“Mickey 17” Is Hardly Expendable

Part clever slapstick comedy, part social commentary, part sci-fi creature feature, Bong Joon-ho’s latest remains full of life as it kills it off.
Film + TVFilm Review

Mickey 17 Is Hardly Expendable

Part clever slapstick comedy, part social commentary, part sci-fi creature feature, Bong Joon-ho’s latest remains full of life as it kills it off.

Words: Sean Fennell

Photo: courtesy of Warner Bros.

March 07, 2025

Mickey Barnes can’t die. Not really. Or rather, he can die over and over again, but it never really sticks. It’s a framework we’ve seen before in a long line of movies using this structure as leverage to open an existential puzzle box—Groundhog Day meets Edge of Tomorrow, if you will. In the case of Mickey 17’s subject, his immortality is tethered to his profession as human guinea pig. His job is to die in the name of science, advancement, and capital gains, the semi-logical endpoint of the modern working stiff. And when he does, a new version is simply printed out to commence yet another experiment, coal for the furnace. Director and screenwriter Bong Joon-ho is both gleeful and sympathetic in his depiction of Mickey’s dreadful, yet not hopeless, existence on a distant snow planet. Mickey is a victim, retaining a glint of humanity even as he becomes arguably less human in any real sense.

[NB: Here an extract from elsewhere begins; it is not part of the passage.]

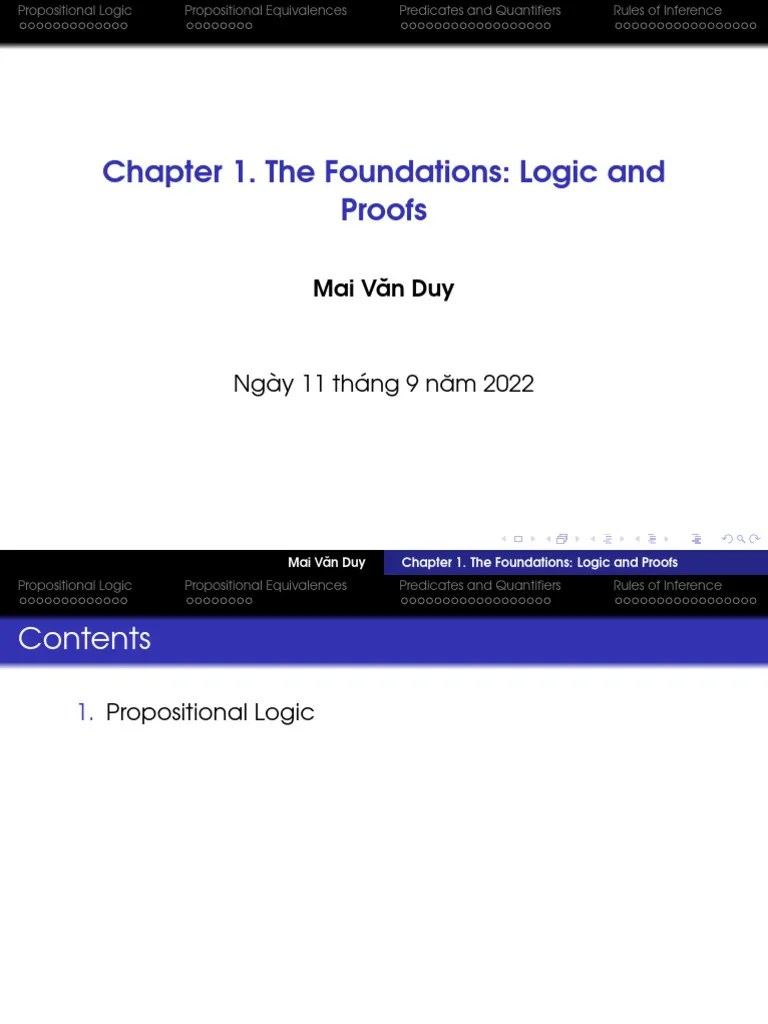 Chapter 1. The Foundations Logic And Proofs | PDF | Logic | First Order ...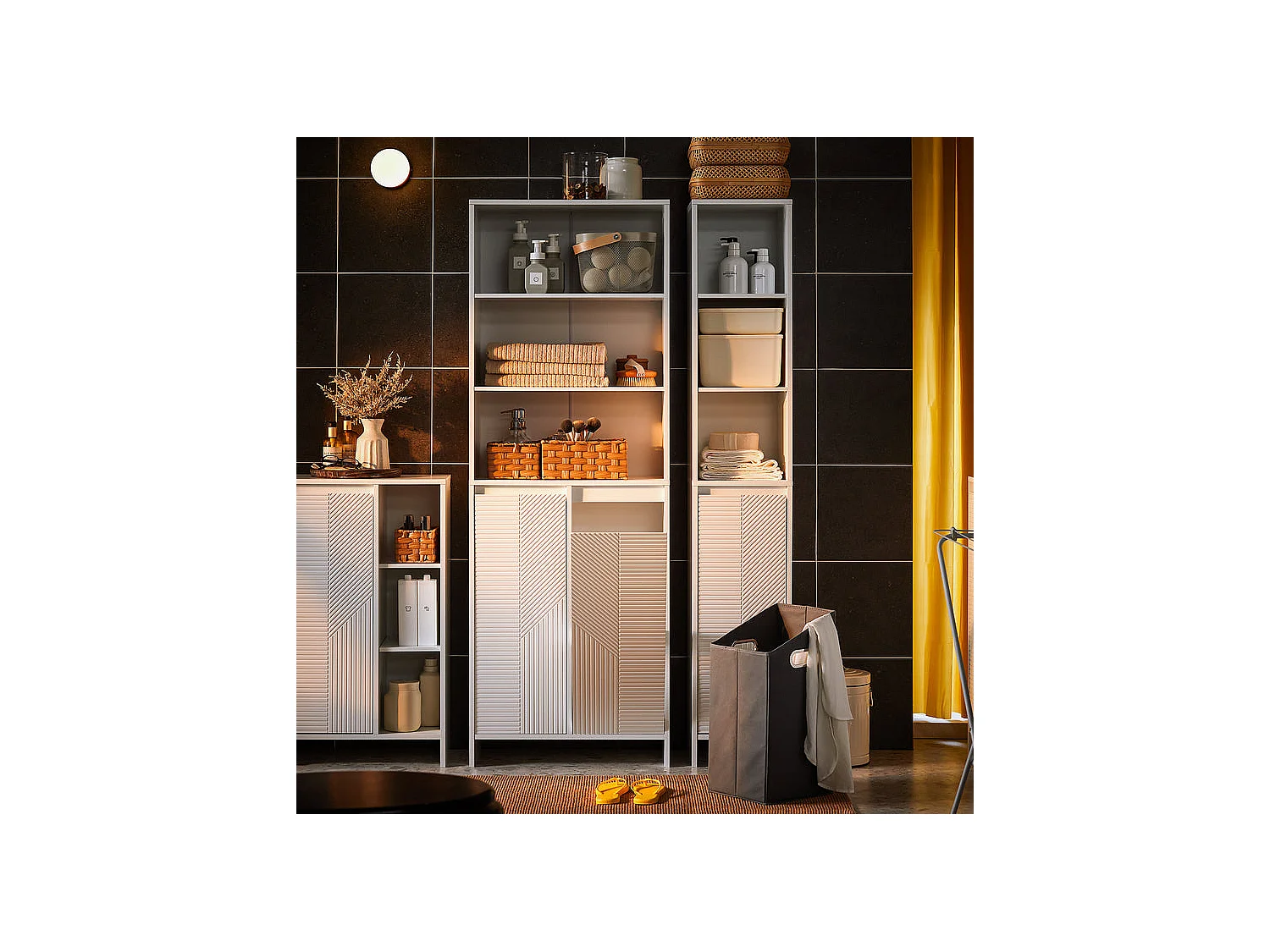 SoBuy Meuble sous Lavabo avec 2 tiroirs pour Salle de Bain, Lavabo en céramique, Couleur Bois, 61x46x54 cm, BZR172-N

There’s an easy joke to be made about Mickey 17 in which audiences, exasperated with Hollywood’s constant regurgitation, decry the fact that we haven’t even seen Mickeys 1 through 16. Upon seeing the film, though, I’m tempted to question whether the descriptor “17” refers not only to the version of Mickey who’ll become our hero, but also to the version of Joon-ho’s script we see on the screen. To both its credit and, at times, its detriment, his film is simply overflowing with ideas. Part clever slapstick comedy, part overt social commentary, and part goofy creature feature, Mickey 17 ping-pongs between tones within single sentences, much less scenes. Even after a series of nested intros handled by Robert Pattinson doing a voice somewhere between craggy Chicago detective and cartoon mouse, Bong largely dispels with the traditional three-act structure, instead favoring frantic chaos.

When the primary plot does eventually take shape, it's because Mickey, through an unfortunate case of mistaken demise, is split into two corporeal forms—a big no-no in the world of Mickey 17. It’s here, especially, where you feel the movie attempt to perform a similar feat, struggling against the confines of its own being. Subplots include a misbegotten love triangle, fetishistic gangster revenge, futuristic drug use, biochemical weapons production, and alien-based culinary pursuits. That’s before I get into whatever the hell it is Mark Ruffalo and Toni Collette are up to as the absurdist windbag leaders of this interstellar exposition. Ruffalo especially—sporting garish fake teeth and hamming it to the rafters as a failed politician and insane capitalist showman—threatens to pull the film apart at the seams.  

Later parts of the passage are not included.